Too sick to work, they suddenly lost their jobs. With the jobs went most of their income and their health insurance -- a quarter of all employers cancel coverage the day you leave work because of a disabling illness; another quarter do so in less than a year. Many of the medically bankrupt qualified for some disability payments (eventually), and had the right under the COBRA law to continue their health coverage -- if they paid for it themselves. But how many families can afford a $1,000 monthly premium for coverage under COBRA, especially after the breadwinner has lost his or her job?
Often, the medical bills arrived just as the insurance and the paycheck disappeared.
snip
The full study is abstracted at
http://www.ncbi.nlm.nih.gov/entrez/query.fcgi?cmd=Retrieve&db=pubmed&dopt=Abstract&list_uids=15689369The abstract --
MarketWatch: Illness And Injury As Contributors To Bankruptcy.
Himmelstein DU, Warren E, Thorne D, Woolhandler S.
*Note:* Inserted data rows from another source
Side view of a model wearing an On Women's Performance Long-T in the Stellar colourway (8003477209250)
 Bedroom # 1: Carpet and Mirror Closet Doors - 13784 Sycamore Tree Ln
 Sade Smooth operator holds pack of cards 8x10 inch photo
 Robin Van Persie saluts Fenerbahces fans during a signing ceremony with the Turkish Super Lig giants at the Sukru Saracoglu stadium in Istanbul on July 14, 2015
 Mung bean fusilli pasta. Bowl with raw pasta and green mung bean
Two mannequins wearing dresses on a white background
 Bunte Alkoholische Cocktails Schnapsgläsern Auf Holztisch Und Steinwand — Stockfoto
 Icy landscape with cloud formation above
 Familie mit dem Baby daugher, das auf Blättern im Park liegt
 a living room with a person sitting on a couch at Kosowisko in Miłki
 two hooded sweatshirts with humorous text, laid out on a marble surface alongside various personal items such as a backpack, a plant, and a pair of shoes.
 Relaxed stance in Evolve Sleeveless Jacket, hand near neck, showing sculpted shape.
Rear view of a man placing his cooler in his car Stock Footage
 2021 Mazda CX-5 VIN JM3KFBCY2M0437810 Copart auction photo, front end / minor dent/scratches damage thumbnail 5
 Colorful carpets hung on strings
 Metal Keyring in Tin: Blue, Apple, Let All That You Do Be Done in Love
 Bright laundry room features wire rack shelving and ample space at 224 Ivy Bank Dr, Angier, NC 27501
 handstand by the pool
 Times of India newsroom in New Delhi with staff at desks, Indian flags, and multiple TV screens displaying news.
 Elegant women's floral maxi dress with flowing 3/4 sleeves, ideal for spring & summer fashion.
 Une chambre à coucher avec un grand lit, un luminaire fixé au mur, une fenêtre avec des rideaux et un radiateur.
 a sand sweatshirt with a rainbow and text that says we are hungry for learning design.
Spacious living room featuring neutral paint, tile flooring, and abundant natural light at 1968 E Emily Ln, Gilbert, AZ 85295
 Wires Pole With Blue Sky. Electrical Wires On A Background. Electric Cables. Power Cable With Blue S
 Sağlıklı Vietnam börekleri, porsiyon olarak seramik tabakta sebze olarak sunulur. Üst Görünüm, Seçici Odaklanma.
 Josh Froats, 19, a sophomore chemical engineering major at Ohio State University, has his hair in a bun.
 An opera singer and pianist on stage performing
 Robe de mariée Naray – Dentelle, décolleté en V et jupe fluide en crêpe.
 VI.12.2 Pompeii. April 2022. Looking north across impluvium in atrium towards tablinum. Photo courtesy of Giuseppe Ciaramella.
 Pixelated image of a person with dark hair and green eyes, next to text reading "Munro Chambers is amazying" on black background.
Harvard Medical School and a primary care physician at Cambridge Hospital in Cambridge, Massachusetts.
In 2001, 1.458 million American families filed for bankruptcy. To investigate medical contributors to bankruptcy, we surveyed 1,771 personal bankruptcy filers in five federal courts and subsequently completed in-depth interviews with 931 of them. About half cited medical causes, which indicates that 1.9-2.2 million Americans (filers plus dependents) experienced medical bankruptcy. Among those whose illnesses led to bankruptcy, out-of-pocket costs average $11,854 since the start of illness; 75.7 percent had insurance at the onset of illness. Medical debtors were 42 percent more likely than other debtors to experience lapses in coverage. Even middle-class insured families often fall prey to financial catastrophe when sick.